In one sense, our parents have to love us. We are, after all, their children. That love is essential to the well-being of a child, to be sure. But it can also make a huge difference in the life of a child when someone else who doesn’t have to love us takes a healthy interest in us. It is another building block in a child’s self-esteem.
Our parents also have to discipline us. Parents are, after all, responsible for their children in a way that no one else is. This means that we who are parents usually have to “toe the line”, whether we want to or not. While other adults should never undermine this, it is sometimes possible for them to provide a less constricted atmosphere so children can explore who they are a bit more in a larger but still safe context. This is only to a parent’s (and child’s) benefit, and it is the wise parent who recognizes this and encourages it.
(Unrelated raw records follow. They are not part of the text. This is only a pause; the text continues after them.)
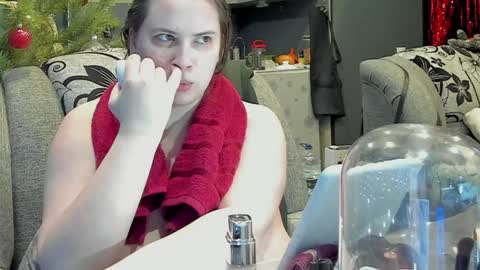 1LINDSEY1 online show from December 31, 6:02 pm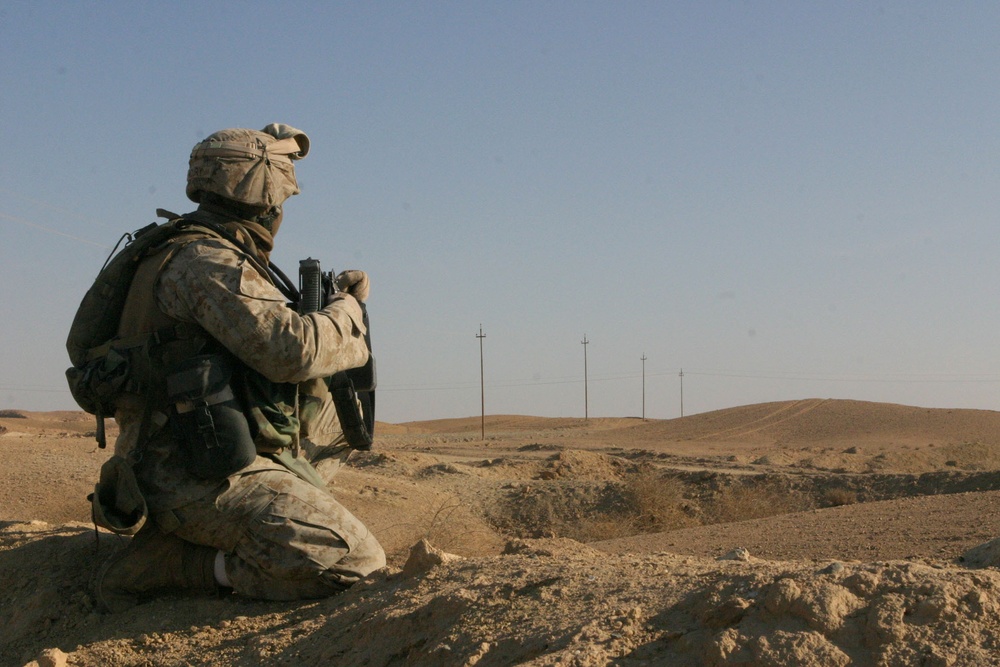 BLT 1/2 patrols through Hit, Iraq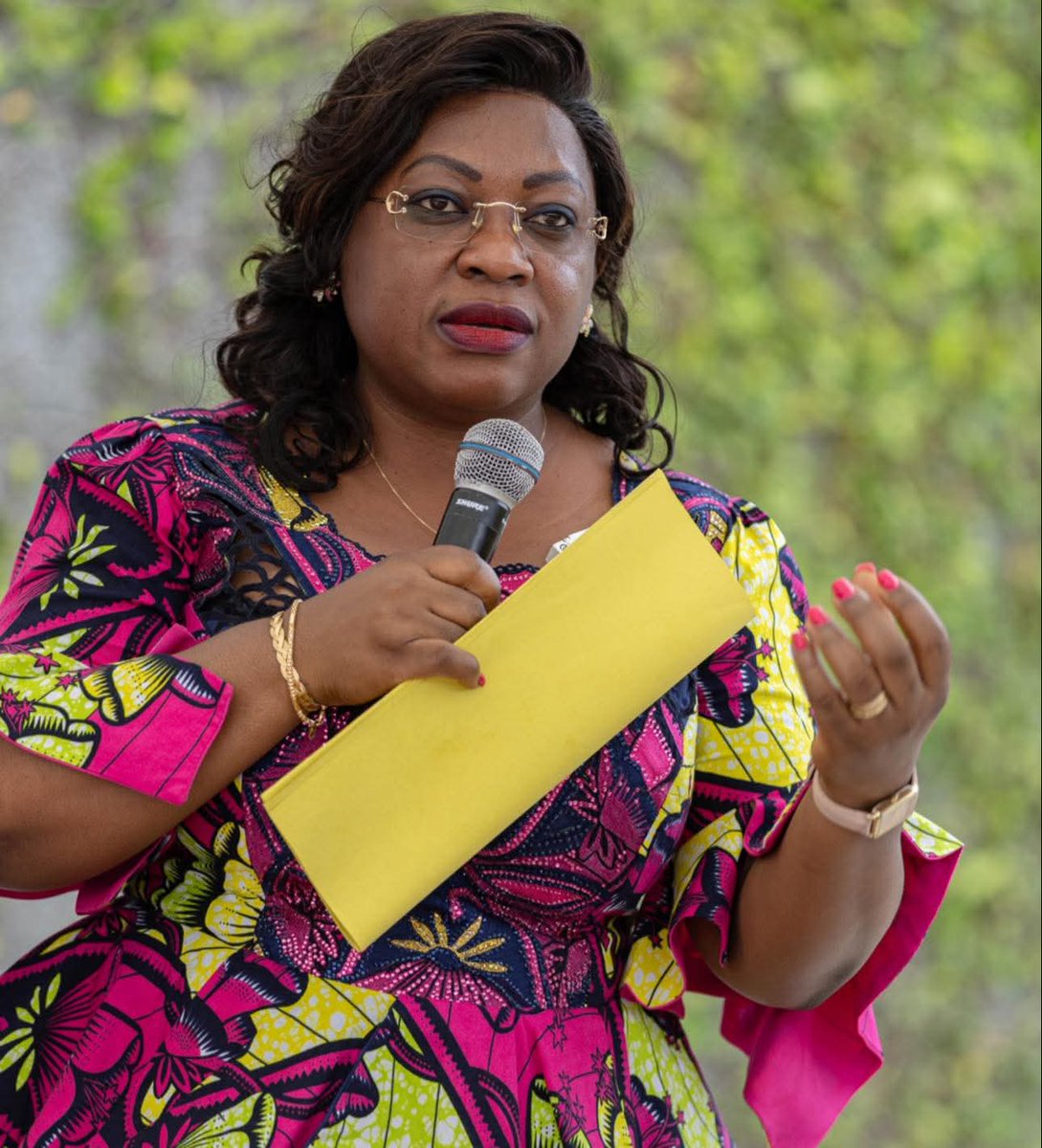 J’adresse mes vives et sincères félicitations à Madame Huguette NYANA EKOUME, membre de l’Union Démocratique des Bâtisseurs (UDB), pour son élection à la Présidence du Sénat, une Institution constitutionnelle incarnant la représentation de nos collectivités locales. Son élection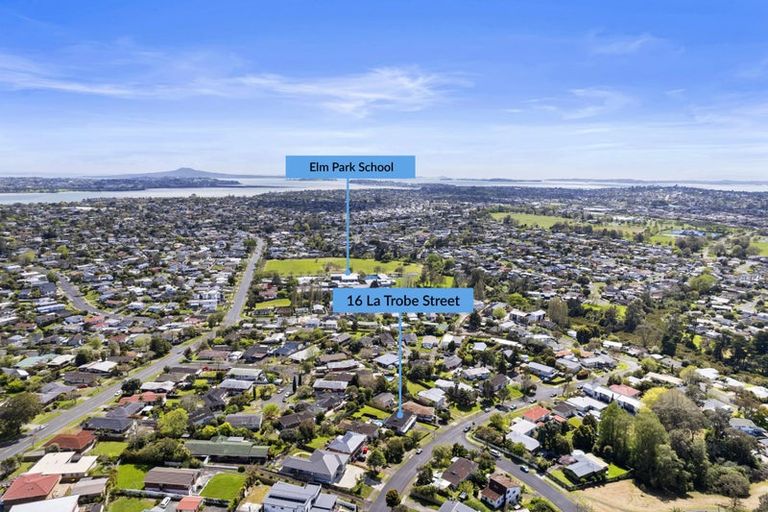 Photo of property in 16 La Trobe Street, Pakuranga Heights, Auckland, 2010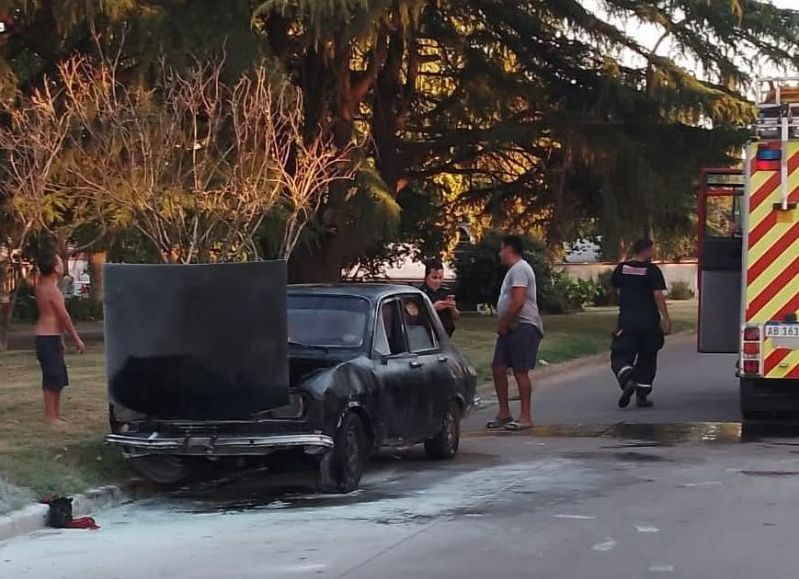 Se incendió un automóvil frente al cementerio: bomberos controlan la situación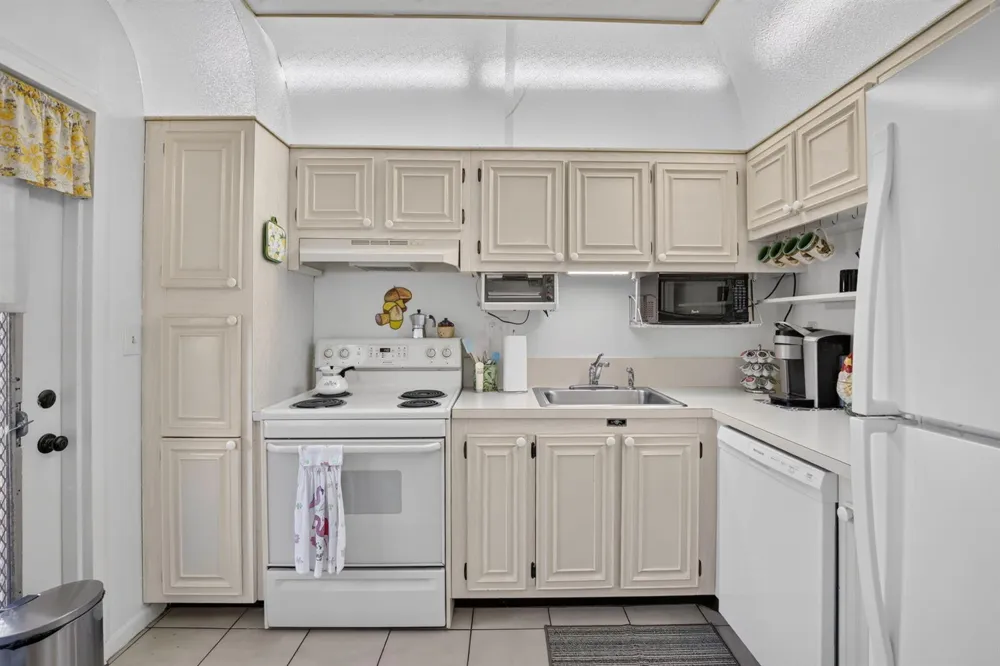 1103 NW 58th Terrace #420 Sunrise, FL 33313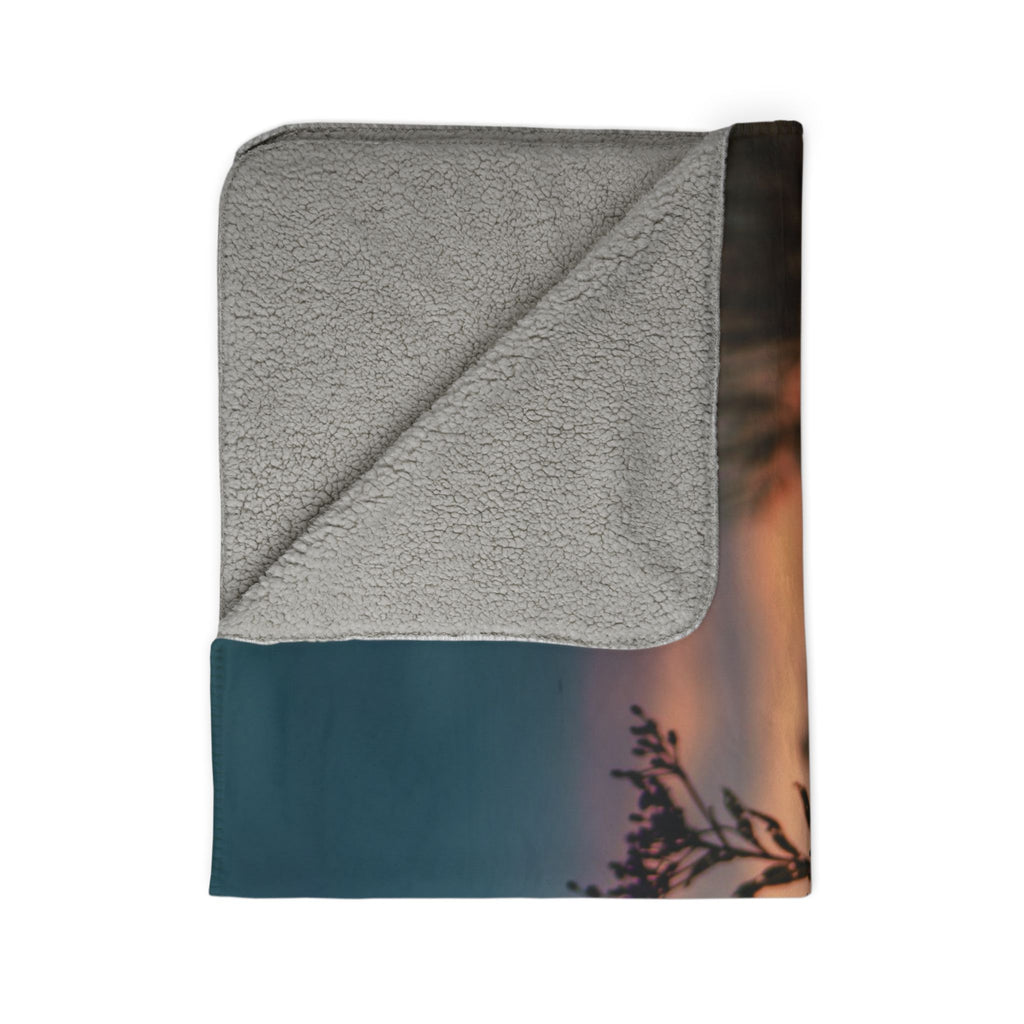 Sunset Meadow Sherpa Blanket — Cozy Fleece Throw with Nature Silhouette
My point is that it is not just grandparents who can do this. Is there a young person we can develop a healthy relationship with who might profit it from it?
I am thankful for the relationships my children have with their grandparents, and for the blessing I know their grandparent’s love is to them. But I am also thankful for my brother, who is exceedingly faithful in sharing in their lives in a helpful and positive manner. And I am thankful for the adults who are not family at all; for the relationship that Tom Leary has with Christine, or that Miriam Turner has with Mary, for instance.
My kids are only better for the love these special people have shown them.